What do I do if Persistence-M that I have run `nvidia-smi -pm 1` to enable and the ECC state become ineffective after an instance restart?

Problem description
If you run the nvidia-smi -pm 1 command to enable Persistence-M when you install a Linux Tesla driver of version 535 or later on a GPU-accelerated compute-optimized instance, the following issues may be caused:
- Persistence-M becomes ineffective after the instance is restarted. That is, Persistence-M is still in the default Off state.
- The ECC state fails to be configured.
- The MIG feature fails to be configured.
Cause
When you run the nvidia-smi -pm 1 command to enable Persistence-M for the instance, the Tesla driver of version 535 or later is not supported. As a result, the preceding issues are caused after the instance is restarted.
Solution
Check whether the following information exists in the dmesg log. If the following information exists, we recommend that you use the NVIDIA Persistence Daemon to enable Persistence-M. For more information, see (Optional) Enable Persistence-M by using the NVIDIA Persistence Daemon.
```
NVRM: Persistence mode is deprecated and will be removed in a future release. Please use nvidia-persistenced instead.
```

What do I do if an error is reported when an application runs in a CUDA environment of a lower version?

Problem description
For a vGPU-accelerated Linux instance with a GRID driver and a lower CUDA version installed, an error is reported when you run a CUDA application that requires a higher CUDA version on the instance. In the following example, the lower CUDA version is 11.4 and the matrixMul application requires CUDA 12.2. The following figure shows the error message.
Cause
CUDA versions vary based on GPU driver versions.

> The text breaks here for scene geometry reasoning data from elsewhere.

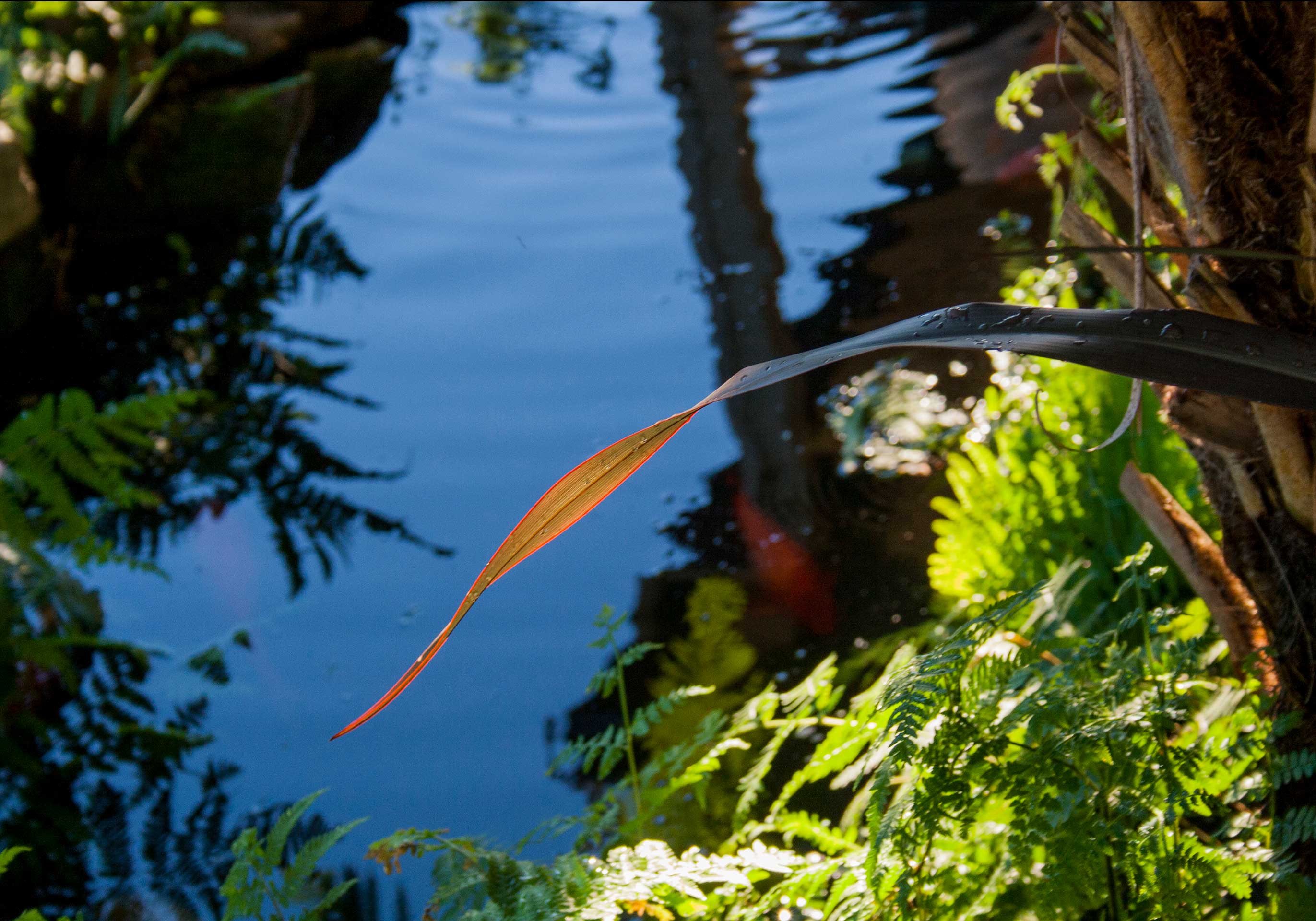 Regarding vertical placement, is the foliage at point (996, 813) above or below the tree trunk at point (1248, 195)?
below

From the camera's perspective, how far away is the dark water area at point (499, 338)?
2.27 m

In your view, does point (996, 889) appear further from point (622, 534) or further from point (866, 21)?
point (866, 21)

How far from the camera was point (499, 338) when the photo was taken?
3.41 meters

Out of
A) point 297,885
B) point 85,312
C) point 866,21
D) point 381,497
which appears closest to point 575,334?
point 381,497

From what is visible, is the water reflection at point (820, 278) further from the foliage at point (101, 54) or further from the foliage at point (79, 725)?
the foliage at point (101, 54)

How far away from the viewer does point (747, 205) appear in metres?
3.82

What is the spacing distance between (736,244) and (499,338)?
941 millimetres

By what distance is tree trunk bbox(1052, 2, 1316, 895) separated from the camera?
0.85 meters

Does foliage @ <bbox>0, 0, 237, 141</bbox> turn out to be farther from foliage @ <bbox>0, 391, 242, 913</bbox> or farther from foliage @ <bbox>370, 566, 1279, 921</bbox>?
foliage @ <bbox>370, 566, 1279, 921</bbox>

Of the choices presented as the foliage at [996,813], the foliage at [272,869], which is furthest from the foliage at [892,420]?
the foliage at [272,869]

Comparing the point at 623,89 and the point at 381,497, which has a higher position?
the point at 623,89

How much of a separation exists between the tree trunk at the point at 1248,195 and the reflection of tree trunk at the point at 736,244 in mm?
1543

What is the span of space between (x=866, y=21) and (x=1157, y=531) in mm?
4552

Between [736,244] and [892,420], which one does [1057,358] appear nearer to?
[892,420] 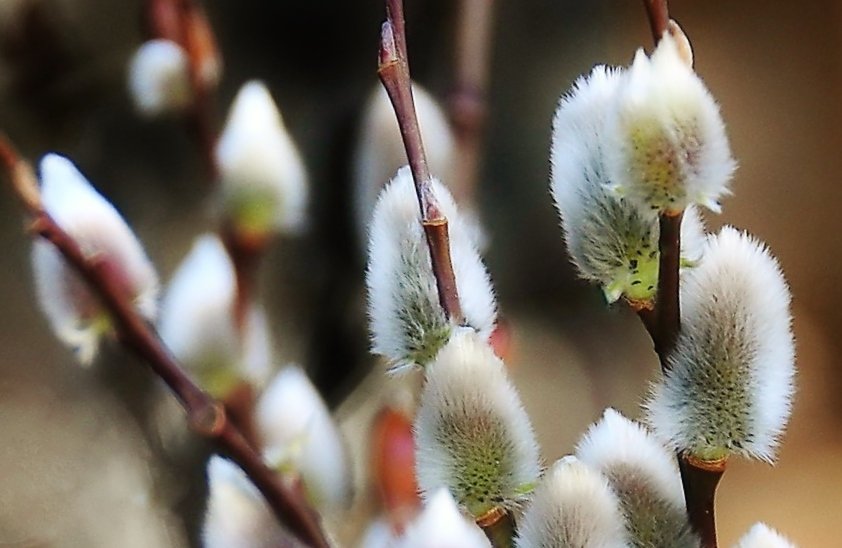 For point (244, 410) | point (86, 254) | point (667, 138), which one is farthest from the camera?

For more information about the mappings between CUDA and driver versions, see CUDA Toolkit Major Component Versions. Therefore, an application that requires a higher CUDA version such as CUDA 12.2 cannot run on a CUDA 11.4 environment. This section describes how to fix the error by updating the CUDA compat package.
Solution
1. Connect to your GPU-accelerated Linux instance.

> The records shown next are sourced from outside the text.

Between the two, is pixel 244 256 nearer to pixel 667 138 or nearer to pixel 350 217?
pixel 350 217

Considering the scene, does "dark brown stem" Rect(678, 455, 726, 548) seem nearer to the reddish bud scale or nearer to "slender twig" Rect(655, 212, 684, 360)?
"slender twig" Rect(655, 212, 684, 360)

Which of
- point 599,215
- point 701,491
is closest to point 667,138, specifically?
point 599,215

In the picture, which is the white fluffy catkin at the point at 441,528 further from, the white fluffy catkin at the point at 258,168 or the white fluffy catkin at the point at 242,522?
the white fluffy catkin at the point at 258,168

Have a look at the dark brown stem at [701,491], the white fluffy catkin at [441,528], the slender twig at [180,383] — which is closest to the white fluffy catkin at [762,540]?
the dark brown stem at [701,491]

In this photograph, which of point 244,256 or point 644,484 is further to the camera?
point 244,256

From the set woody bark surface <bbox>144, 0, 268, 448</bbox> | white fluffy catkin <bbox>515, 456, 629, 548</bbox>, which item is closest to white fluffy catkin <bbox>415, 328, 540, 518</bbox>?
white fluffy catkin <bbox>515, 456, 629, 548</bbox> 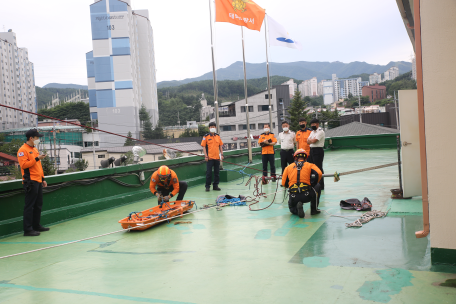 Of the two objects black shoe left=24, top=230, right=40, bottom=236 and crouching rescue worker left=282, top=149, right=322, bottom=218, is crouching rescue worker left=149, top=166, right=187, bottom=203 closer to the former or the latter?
black shoe left=24, top=230, right=40, bottom=236

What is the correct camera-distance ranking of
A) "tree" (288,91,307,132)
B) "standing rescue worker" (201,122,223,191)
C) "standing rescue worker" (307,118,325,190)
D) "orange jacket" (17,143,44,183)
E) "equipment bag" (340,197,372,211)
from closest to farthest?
"orange jacket" (17,143,44,183), "equipment bag" (340,197,372,211), "standing rescue worker" (307,118,325,190), "standing rescue worker" (201,122,223,191), "tree" (288,91,307,132)

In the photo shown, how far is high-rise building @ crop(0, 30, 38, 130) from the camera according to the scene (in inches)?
4577

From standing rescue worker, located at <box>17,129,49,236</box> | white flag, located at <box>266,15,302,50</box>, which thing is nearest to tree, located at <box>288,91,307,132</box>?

  In this example, an Ubuntu 20.04 instance is connected. For more information, see Connect to a Linux instance by using a password or key.

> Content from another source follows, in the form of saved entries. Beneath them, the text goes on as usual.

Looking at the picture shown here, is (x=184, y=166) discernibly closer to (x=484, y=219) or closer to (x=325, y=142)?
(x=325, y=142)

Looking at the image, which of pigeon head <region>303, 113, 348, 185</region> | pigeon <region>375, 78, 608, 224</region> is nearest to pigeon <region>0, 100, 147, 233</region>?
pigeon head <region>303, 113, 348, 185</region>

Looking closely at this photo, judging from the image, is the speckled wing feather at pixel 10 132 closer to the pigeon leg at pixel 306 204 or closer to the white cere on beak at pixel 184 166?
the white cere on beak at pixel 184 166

2. Run the following command to download the CUDA 12.2 compat package:
  In this example, the compat package of Ubuntu 20.04 and x86_64 is downloaded. You can download the compat package based on the OS and architecture of your GPU-accelerated instance from the Index of /compute/cuda/repos page.
```
sudo wget https://developer.download.nvidia.cn/compute/cuda/repos/ubuntu2004/x86_64/cuda-compat-12-2_535.104.05-1_amd64.deb
```
3. Run the following command to extract files from the .deb file and decompress the files to the specified directory:
  Important
  In this example, the files are decompressed to the /home directory. Replace the directory with your actual directory.
```
sudo dpkg  -x cuda-compat-12-2_535.104.05-1_amd64.deb /home
```
4. Run the following commands in sequence to configure a CUDA environment of a higher version:
```
sudo echo "export LD_LIBRARY_PATH=/home/usr/local/cuda-12.2/compat:$LD_LIBRARY_PATH" >> ~/.bashrc
```
```
source ~/.bashrc
```
5. Run the application to check whether it runs as expected.
  In this example, the matrixMul application is run. The following figure shows that the application runs as expected.